Activity: Produce exactly the lines from the one holding "스팟 온 2275 오마 Jm 호텔 Beran Kidul 외부 사진" through the last line of the data below, with every picture left out.

***

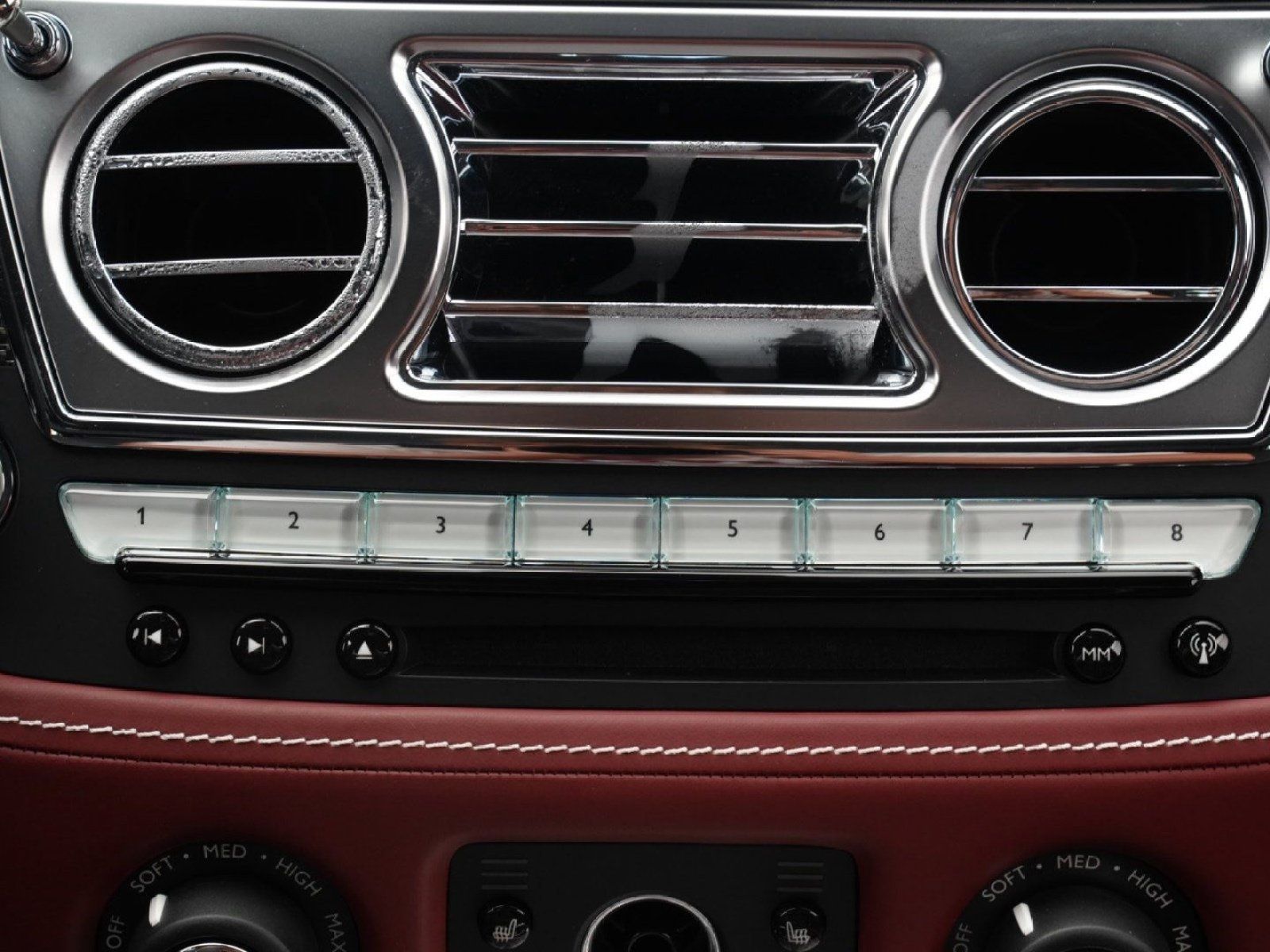 Used 2020 Rolls-Royce Ghost RWD image 31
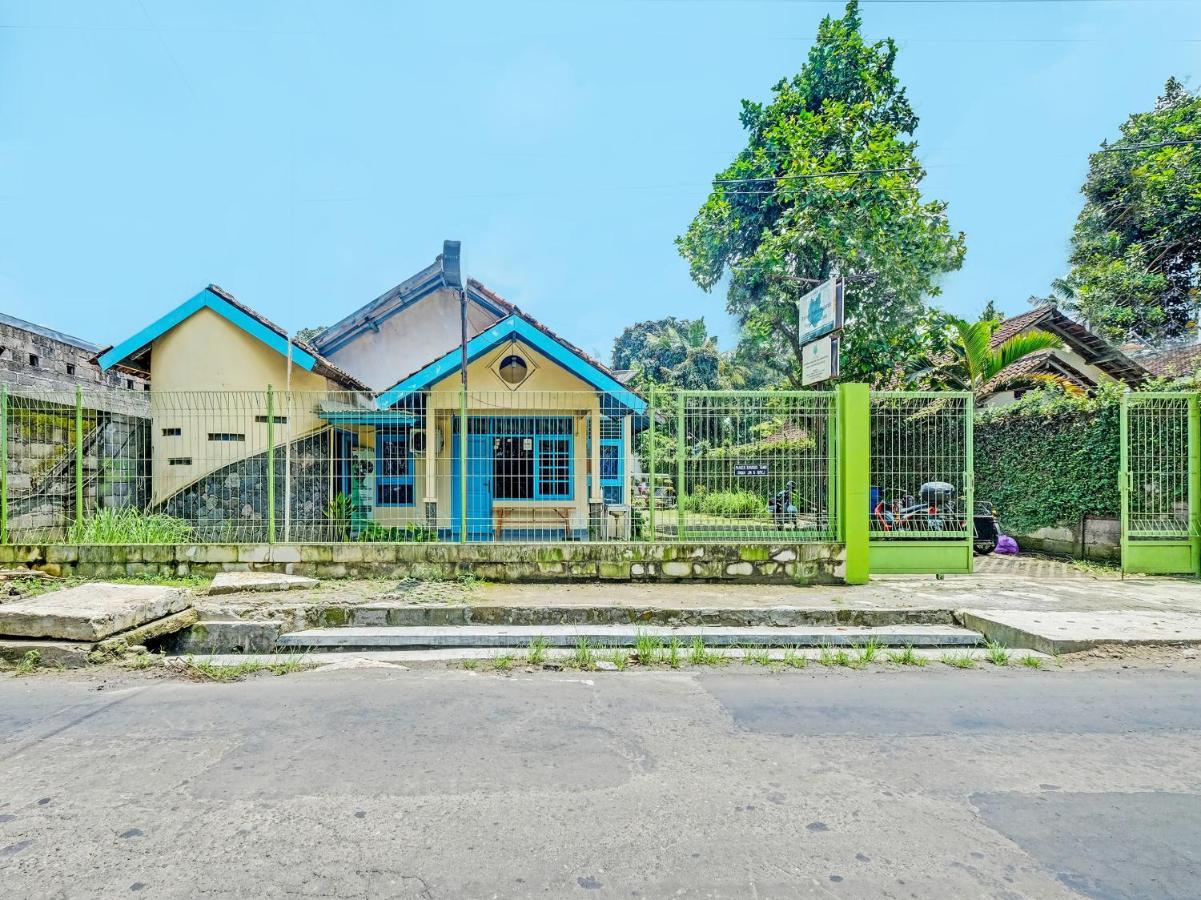 스팟 온 2275 오마 Jm 호텔 Beran Kidul 외부 사진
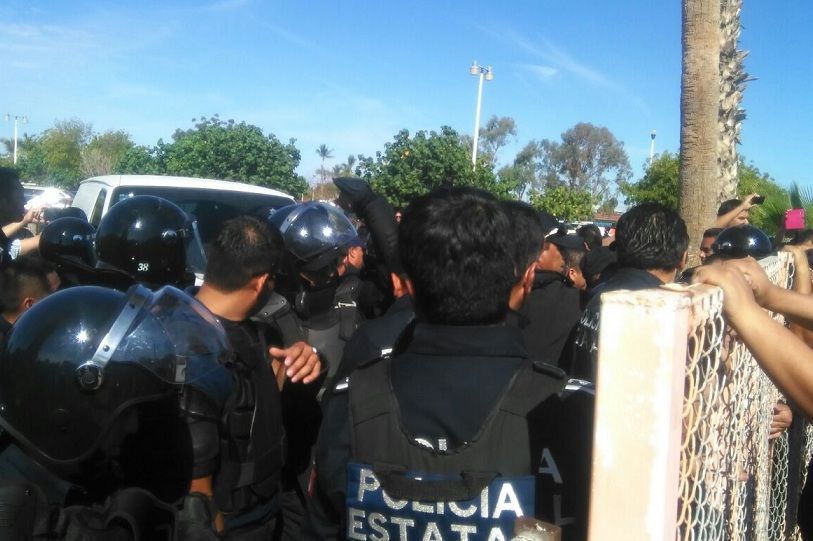 Condena SNTE democrático uso de la fuerza contra docentes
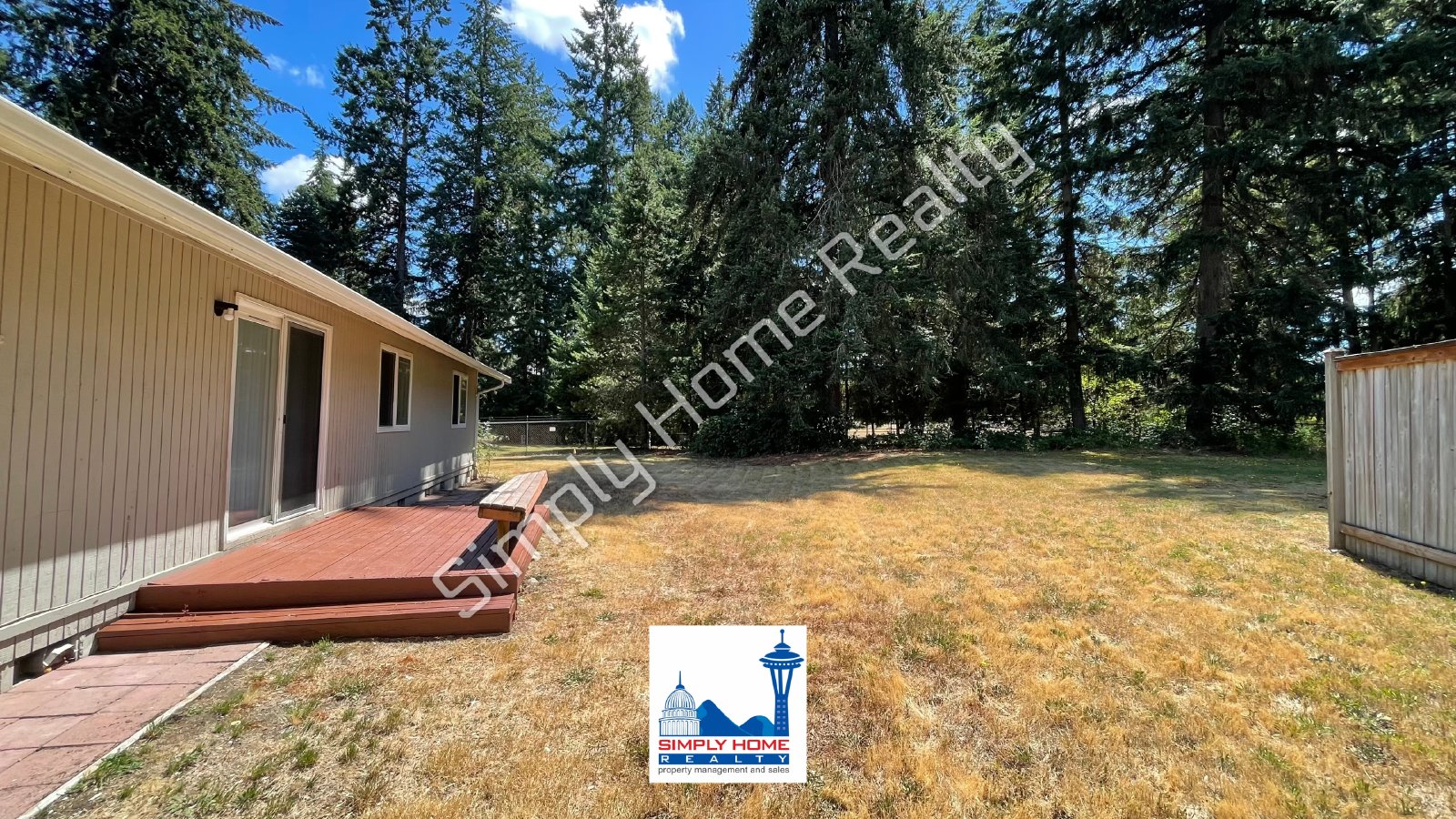 LUXURY RENTAL WITH SPACIOUS BACKYARD property image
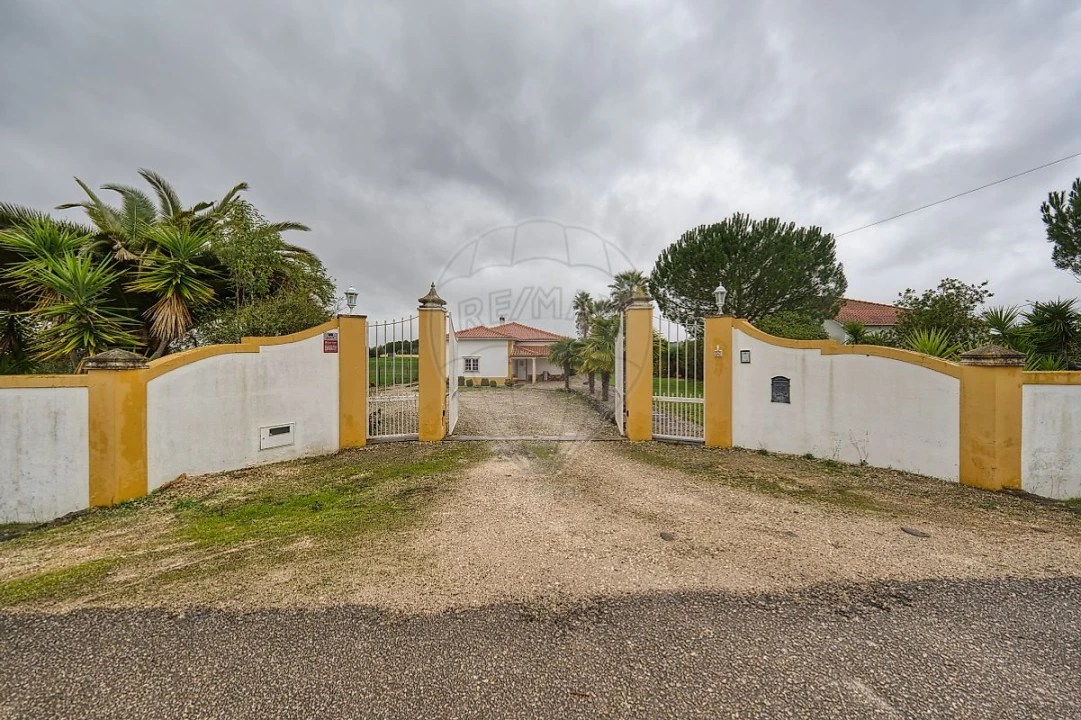 Moradia T4 para Venda em Brogueira, Parceiros de Igreja e Alcorochel Foto 32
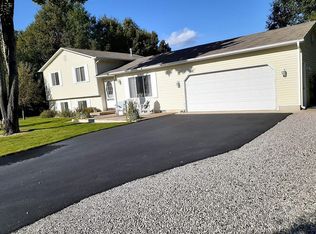 10208 Betsie Creek Dr, Interlochen, MI 49643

***

Task output:
 스팟 온 2275 오마 Jm 호텔 Beran Kidul 외부 사진
 Condena SNTE democrático uso de la fuerza contra docentes
 LUXURY RENTAL WITH SPACIOUS BACKYARD property image
 Moradia T4 para Venda em Brogueira, Parceiros de Igreja e Alcorochel Foto 32
 10208 Betsie Creek Dr, Interlochen, MI 49643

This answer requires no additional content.